Cette faculté est la plus importante pour l'hu­milité, d'autant que c'est là proprement le séjour de cette vertu. Si l'humilité n'existe que dans l'es­prit, elle n'est ni sérieuse ni durable. Tant que la mémoire s'estime, retient en elle quelque excel­lence et plane dans les grandeurs, l'humilité d'esprit est nulle. Nous avons beau avoir con­naissance de notre néant et vouloir communi­quer ces lumières à la mémoire, ces connais­sances ne produisent rien si la mémoire les rejette et y répugne; bientôt même la mémoire les fait disparaître de l'esprit, et emploie l'intelli­gence à la recherche de son excellence, ou aux autres choses auxquelles elle a coutume de l'em­ployer pour la nourriture de son orgueil.

Si, au contraire, la mémoire embrasse cette connaissance de l'intelligence, elle fait agir l'es­prit en conséquence de ces lumières, se tient elle-même et tient l'intelligence dans l'humilité ; alors la vue de son néant et de l'excellence de Dieu augmente de plus en plus, parce que la grâce augmente toujours davantage. Mais, si l'in­telligence a besoin d'être soutenue et autorisée par la mémoire pour pouvoir persévérer dans les connaissances, la mémoire aussi a un besoin absolu de l'intelligence pour l'acquisition de cette connaissance, et pour entrer dans ces dispositions d'humilité.

 

 

III

 

DE LA VOLONTÉ:

 

Les deux premières puissances de l'âme ayant ces dispositions d'humilité, la volonté est bientôt entraînée.
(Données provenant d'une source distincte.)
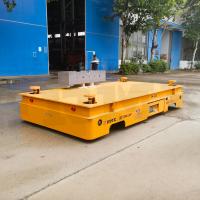 Carrinhos de transferência omnidirecionais com transportador de carga pesada omni-rodas
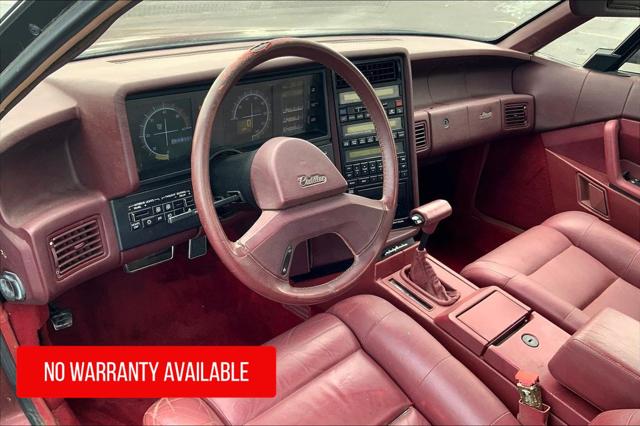 1987 Cadillac Allante Convertible
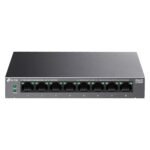TP-Link LS108GP | 8 Port PoE Gigabit Ethernet Switch | 8 PoE+ Port @ 62W | Plug & Play | Extend Mode | PoE Auto Recovery | Desktop/Wall Mount | Silent Operation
La mémoire qui a reçu de l'intelligence les lumières voulues sur son néant et sur la grandeur de Dieu, les goûte et les suit par la grâce divine; elle ne veut plus posséder aucune excellence qu'en Dieu, et elle rejette toute idée et toute vue d'excellence propre.

Elle communique ces deux dispositions à la volonté pour en jouir, et, la grâce de Dieu faisant dans celle-ci la même impression d'humilité que dans les deux autres puissances, la volonté embrasse avec ardeur cette nullité et ce néant d'elle-même, et s'abandonne à la jouissance de ce défaut d'être et de biens par la possession de l'excellence, de la grandeur et de la gloire de Dieu, dont la connaissance intime de l'esprit l'a mise en possession. Cela fait, l'âme est établie dans une parfaite humilité, qui sera toujours proportionnée à la perfection de la connaissance et à la manière dont elle s'en remplit et l'embrasse.

 

Ce mouvement de la volonté va quelquefois jusqu'au transport. La volonté étant l'agent de l'âme, c'est elle qui met en exécution et en pratique la véritable humilité. Elle agit de trois manières :

1° Quelquefois elle aime à se nourrir et à jouir de la vue de sa bassesse en elle-même, et alors la mémoire ne présente à la volonté que la connaissance de son propre néant, non pas en spéculation mais en pratique, et d'une manière précise et claire. La volonté embrasse cette vue, s'en nourrit et en jouit continuellement, de manière qu'elle n'aime rien autre chose et ne jouit que de cela. Dans ce cas, les lumières de l'esprit, que la mémoire retient, sont des connaissances de son néant; celle-ci les communique à la volonté pour en jouir, car ces deux premières puissances ne transmettent que ce qu'elles ont par la grâce, et la volonté ne jouit que de ce que ces deux puissances lui. communiquent.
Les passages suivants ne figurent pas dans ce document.